US Secretary of State John Kerry has arrived unannounced in Kabul to try to advance troubled negotiations on some US troops staying in Afghanistan after 2014.


President Hamid Karzai said this week he was prepared to walk away from the Bilateral Security Agreement (BSA) talks if Afghanistan was not happy with its conditions.

But the United States has repeatedly pressed for the pact to be signed by the end of this month so the US-led NATO military coalition can schedule its withdrawal of 87,000 combat troops by December 2014.

“President Obama and President Karzai reaffirmed both back in January that the goal here was to complete the BSA in October,” a state department official travelling with Kerry told reporters on Friday.

“We continue to believe that is both preferable and doable. It is only October 11 at this point and obviously it is desirable.

“Uncertainty about an incomplete BSA could erode the resolve among NATO allies: makes (it) more difficult to plan for the US, makes (it) more difficult to plan for our NATO allies. The goal has not changed and that is what we continue to press for.”

Karzai said he refused to be rushed into signing the deal and would first seek approval from a traditional grand assembly to be convened in about month’s time.

“If it doesn’t suit us and if it doesn’t suit them, then naturally we will go separate ways,” Karzai said in a BBC interview in Kabul broadcast on Monday.

The agreement would see a few thousand US troops remain in Afghanistan to train local forces and target al-Qaeda remnants.

According to the Afghan government, talks ground to a halt over US demands for the right to conduct unilateral military operations, and on how the US would protect Afghanistan.

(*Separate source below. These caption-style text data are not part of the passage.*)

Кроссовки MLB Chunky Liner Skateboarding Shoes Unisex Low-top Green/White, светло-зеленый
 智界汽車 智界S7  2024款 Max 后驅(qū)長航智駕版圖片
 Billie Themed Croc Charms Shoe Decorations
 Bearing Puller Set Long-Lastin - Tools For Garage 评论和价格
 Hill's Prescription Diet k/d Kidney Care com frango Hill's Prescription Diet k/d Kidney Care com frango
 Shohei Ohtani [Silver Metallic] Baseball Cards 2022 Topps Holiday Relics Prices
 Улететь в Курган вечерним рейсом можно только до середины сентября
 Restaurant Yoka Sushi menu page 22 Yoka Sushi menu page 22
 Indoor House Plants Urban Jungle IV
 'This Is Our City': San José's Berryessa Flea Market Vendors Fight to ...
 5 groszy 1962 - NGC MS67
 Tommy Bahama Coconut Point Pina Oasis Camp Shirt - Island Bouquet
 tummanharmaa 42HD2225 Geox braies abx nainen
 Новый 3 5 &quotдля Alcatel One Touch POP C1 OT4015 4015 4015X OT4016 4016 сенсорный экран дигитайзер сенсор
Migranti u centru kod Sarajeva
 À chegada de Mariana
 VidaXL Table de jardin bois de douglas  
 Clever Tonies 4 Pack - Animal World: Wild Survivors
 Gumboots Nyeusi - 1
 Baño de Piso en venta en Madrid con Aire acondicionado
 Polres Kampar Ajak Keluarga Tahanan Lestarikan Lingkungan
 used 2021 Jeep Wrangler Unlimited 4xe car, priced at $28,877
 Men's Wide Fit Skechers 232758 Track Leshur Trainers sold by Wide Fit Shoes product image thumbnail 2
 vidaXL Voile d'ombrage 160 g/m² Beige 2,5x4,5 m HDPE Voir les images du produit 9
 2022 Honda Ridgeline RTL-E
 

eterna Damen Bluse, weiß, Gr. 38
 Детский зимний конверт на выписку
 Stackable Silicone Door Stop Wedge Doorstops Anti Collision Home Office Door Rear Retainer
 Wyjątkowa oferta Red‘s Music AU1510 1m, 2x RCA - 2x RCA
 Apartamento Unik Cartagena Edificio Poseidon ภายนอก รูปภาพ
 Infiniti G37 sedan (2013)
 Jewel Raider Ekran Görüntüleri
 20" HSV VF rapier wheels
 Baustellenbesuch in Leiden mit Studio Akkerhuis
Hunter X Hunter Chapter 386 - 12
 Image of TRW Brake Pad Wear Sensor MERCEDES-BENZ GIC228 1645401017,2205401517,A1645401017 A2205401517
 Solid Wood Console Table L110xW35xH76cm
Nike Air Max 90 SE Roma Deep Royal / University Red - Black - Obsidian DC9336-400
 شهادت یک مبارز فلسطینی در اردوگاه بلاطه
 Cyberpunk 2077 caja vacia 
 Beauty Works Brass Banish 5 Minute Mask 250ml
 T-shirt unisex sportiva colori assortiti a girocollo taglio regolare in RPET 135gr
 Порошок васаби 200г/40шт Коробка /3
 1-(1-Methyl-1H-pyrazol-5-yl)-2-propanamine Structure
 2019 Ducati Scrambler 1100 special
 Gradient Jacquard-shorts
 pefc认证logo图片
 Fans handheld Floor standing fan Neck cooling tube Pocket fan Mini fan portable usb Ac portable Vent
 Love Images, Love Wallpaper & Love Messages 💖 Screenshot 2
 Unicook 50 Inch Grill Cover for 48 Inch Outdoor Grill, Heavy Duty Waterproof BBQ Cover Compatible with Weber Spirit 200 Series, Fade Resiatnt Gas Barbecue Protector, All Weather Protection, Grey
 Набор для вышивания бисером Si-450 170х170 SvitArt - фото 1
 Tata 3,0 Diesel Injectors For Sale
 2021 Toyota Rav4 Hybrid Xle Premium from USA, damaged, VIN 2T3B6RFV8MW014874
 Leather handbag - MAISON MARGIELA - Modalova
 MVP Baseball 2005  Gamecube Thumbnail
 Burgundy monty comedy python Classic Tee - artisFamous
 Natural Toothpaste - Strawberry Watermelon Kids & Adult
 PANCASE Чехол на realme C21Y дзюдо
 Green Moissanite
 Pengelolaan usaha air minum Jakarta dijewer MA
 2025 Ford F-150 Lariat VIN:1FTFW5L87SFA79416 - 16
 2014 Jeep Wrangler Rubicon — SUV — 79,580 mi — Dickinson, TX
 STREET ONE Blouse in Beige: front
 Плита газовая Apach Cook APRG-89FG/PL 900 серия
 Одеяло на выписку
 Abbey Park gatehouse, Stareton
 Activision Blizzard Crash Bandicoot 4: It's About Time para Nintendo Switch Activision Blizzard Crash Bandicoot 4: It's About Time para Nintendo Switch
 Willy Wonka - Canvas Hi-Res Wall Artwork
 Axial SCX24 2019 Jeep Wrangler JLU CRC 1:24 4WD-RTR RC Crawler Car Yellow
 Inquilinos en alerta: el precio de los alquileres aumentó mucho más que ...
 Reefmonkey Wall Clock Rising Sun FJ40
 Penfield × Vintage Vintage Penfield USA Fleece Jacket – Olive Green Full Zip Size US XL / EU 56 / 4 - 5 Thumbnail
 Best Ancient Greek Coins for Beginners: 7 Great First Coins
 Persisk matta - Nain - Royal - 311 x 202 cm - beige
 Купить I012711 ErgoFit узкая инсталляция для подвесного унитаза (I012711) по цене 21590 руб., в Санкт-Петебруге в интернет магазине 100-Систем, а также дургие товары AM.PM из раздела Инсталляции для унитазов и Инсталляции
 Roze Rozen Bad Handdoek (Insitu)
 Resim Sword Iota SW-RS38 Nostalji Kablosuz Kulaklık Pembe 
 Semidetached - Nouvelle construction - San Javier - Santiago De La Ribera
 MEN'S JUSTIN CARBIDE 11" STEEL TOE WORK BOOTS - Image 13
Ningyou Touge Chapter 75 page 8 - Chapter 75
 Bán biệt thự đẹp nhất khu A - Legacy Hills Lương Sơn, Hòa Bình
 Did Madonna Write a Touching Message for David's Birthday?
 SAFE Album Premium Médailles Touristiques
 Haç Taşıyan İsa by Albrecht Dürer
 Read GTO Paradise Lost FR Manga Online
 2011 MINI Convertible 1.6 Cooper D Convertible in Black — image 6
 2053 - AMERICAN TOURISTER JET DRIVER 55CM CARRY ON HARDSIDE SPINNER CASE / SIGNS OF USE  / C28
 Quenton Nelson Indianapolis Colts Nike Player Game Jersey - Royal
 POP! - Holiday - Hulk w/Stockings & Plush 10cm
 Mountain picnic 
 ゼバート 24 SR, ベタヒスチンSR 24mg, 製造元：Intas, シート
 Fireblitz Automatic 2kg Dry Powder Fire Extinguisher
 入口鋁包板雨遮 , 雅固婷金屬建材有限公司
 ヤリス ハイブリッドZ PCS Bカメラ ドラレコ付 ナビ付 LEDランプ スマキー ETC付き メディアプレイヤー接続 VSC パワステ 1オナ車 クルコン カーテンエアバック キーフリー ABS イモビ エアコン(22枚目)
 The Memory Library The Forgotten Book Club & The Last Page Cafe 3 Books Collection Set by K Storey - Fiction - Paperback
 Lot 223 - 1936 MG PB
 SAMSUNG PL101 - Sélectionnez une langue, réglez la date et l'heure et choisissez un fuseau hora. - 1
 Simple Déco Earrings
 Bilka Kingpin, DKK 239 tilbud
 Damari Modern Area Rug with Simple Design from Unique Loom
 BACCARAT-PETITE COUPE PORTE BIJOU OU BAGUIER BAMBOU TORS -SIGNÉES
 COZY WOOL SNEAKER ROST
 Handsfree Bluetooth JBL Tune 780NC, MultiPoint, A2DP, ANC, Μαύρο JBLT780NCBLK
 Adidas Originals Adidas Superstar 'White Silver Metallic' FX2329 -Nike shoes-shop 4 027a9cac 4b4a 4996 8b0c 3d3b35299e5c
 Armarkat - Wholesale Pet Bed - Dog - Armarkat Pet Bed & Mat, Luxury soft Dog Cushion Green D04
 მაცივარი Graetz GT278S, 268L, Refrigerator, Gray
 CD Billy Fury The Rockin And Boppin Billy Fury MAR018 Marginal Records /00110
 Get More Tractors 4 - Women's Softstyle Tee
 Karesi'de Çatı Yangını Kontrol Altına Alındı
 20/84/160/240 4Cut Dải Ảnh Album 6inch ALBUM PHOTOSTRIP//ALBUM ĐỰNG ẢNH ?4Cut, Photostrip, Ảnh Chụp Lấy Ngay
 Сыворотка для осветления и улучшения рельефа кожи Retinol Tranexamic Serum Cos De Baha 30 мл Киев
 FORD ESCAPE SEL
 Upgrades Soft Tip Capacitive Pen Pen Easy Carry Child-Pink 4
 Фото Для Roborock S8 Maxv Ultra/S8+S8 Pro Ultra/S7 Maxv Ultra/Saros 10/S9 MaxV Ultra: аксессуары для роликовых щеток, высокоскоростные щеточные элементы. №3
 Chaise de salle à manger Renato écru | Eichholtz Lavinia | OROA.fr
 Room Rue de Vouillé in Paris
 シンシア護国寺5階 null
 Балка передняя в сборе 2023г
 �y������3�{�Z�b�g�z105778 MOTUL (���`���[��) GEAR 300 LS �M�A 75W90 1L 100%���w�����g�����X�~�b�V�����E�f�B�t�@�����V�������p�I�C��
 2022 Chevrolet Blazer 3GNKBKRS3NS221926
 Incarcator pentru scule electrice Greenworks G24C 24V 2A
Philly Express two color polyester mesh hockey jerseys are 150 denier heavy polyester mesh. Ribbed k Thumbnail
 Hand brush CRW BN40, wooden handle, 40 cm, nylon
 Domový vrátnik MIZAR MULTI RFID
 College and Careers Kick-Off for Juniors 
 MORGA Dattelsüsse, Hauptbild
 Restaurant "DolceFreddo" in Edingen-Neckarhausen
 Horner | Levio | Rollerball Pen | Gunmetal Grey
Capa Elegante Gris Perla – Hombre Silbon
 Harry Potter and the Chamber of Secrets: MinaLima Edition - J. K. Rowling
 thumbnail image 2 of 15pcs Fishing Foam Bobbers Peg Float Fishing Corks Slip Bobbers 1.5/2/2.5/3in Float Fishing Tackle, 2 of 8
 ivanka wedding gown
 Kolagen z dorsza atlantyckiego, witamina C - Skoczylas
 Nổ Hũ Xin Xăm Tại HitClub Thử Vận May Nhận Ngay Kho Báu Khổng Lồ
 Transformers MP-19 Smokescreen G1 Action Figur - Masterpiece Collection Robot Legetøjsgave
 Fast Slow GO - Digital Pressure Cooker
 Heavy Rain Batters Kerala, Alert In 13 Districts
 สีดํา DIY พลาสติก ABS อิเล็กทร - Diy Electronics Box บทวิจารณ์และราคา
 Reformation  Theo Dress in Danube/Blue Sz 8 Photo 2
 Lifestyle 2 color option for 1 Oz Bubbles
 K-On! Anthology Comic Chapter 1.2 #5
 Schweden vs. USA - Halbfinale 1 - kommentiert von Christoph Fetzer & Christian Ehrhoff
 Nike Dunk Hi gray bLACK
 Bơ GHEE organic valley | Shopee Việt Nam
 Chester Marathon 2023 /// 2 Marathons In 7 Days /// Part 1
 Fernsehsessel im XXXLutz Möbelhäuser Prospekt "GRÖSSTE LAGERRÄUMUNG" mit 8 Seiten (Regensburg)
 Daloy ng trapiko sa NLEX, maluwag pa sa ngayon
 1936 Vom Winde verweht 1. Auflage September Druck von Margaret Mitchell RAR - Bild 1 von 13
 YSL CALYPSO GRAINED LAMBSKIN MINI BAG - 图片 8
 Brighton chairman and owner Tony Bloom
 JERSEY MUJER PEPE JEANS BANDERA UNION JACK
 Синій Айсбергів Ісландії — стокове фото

The collapse of a similar agreement with Iraq in 2011 led to the US pulling troops out of the country, which is currently suffering its worst sectarian violence since 2008.

But Kabul has dismissed the possibility the US may enact the “zero option” of a complete pull-out after its troops have fought the Taliban for 13 years since the 9/11 attacks in 2001.

“The BSA negotiations have been going on for 11 months. We are at a pivotal period,” the US official with Kerry said.

“We will be discussing where we are and see to continue to make progress. Negotiations were ongoing before we arrived and will be ongoing after we depart from Kabul. So that is not the expectation in terms of conclusion.”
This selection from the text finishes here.